Ülkemizdeki bankacılık sektörü 2001 krizi ile sağlam bir alt yapıya kavuşturulmuştur. 2002 yılında iktidara gelen tek parti yönetimi, içeride siyasi ve ekonomik istikrara yol açmış, ekonomideki moral değerlerini yükseltmiştir.
Dış politikada yürütülen 'komşularla sıfır sorun' çalışmaları, Afrika açılımı, Türk Hava Yolları'nın artan uçuş noktaları, hızlandırılan AB süreci ve Rusya'yla geliştirilen iyi ilişkiler, ülkemizdeki atıl üretim kapasitesini harekete geçirmiştir.

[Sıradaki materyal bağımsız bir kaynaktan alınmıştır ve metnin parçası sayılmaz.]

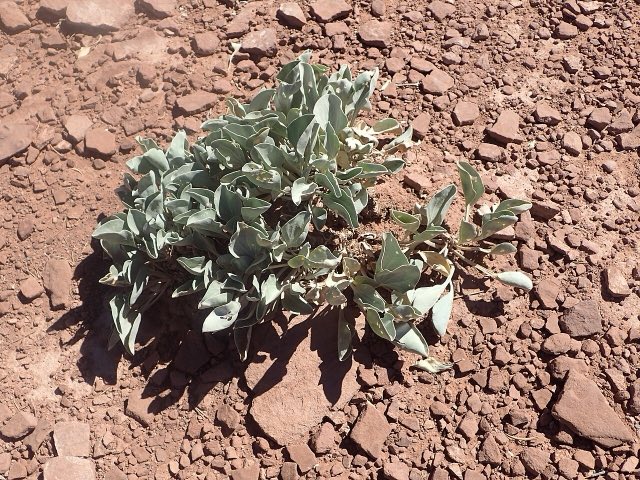Ruth’s Milkweed (Asclepias ruthiae). Asclepias uncialis subsp. ruthiae kz01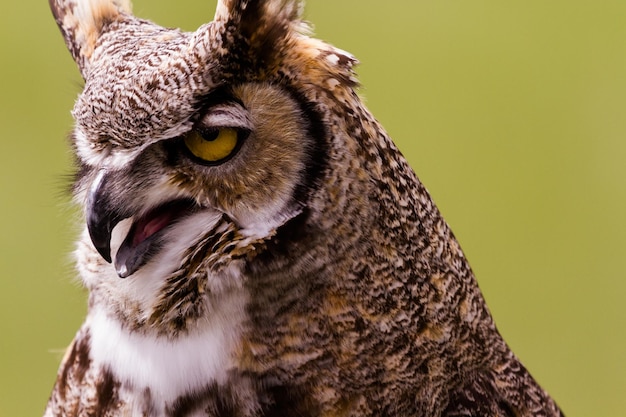 Close up van grote gehoornde uil in gevangenschap.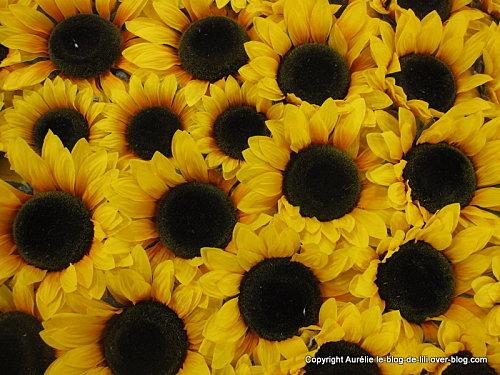 salon-agriculture-24-tournesol.JPG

Bunun sonucu olarak; 2000 yılında 4 bin dolar olan milli gelir, önce 7 bin dolar seviyesine, 2007 sonrasında ise 10 bin dolar düzeyine yükselmiştir. 2008 yılında Amerika menşeli çıkan dünya krizi, Türkiye'nin milli gelirinde 2009 yılında bir düşüşe yol açsa da, 2010 yılında tekrar 2008'deki rakamlara ulaşılabilmiştir.
Yüksek kapasite kullanımı ve ek yatırımlar ihracat miktarımızı arttırmakla birlikte, 'kilogram başı ihracat' fiyatlarımız da kayda değer bir iyileşmeye yol açmamıştır. 2008-2014 yılları arasında 10 bin dolar bandına oturan kişi başı milli gelir, yıllık ortalama %1'lik(4) nüfus artışına yenik düşmemiş, fakat bu banttan da çıkamamıştır. 'Orta gelir tuzağına'(5) sebep olan en önemli faktör, lisansa dayalı ve fason üretimdir. Ülke ihracatımızda en büyük paya sahip olan otomotiv sektöründe, 'yüksek oranda ithalata dayalı üretim' ve henüz daha yerli bir otomobilin geliştirilememiş olması bunun en somut örneğidir.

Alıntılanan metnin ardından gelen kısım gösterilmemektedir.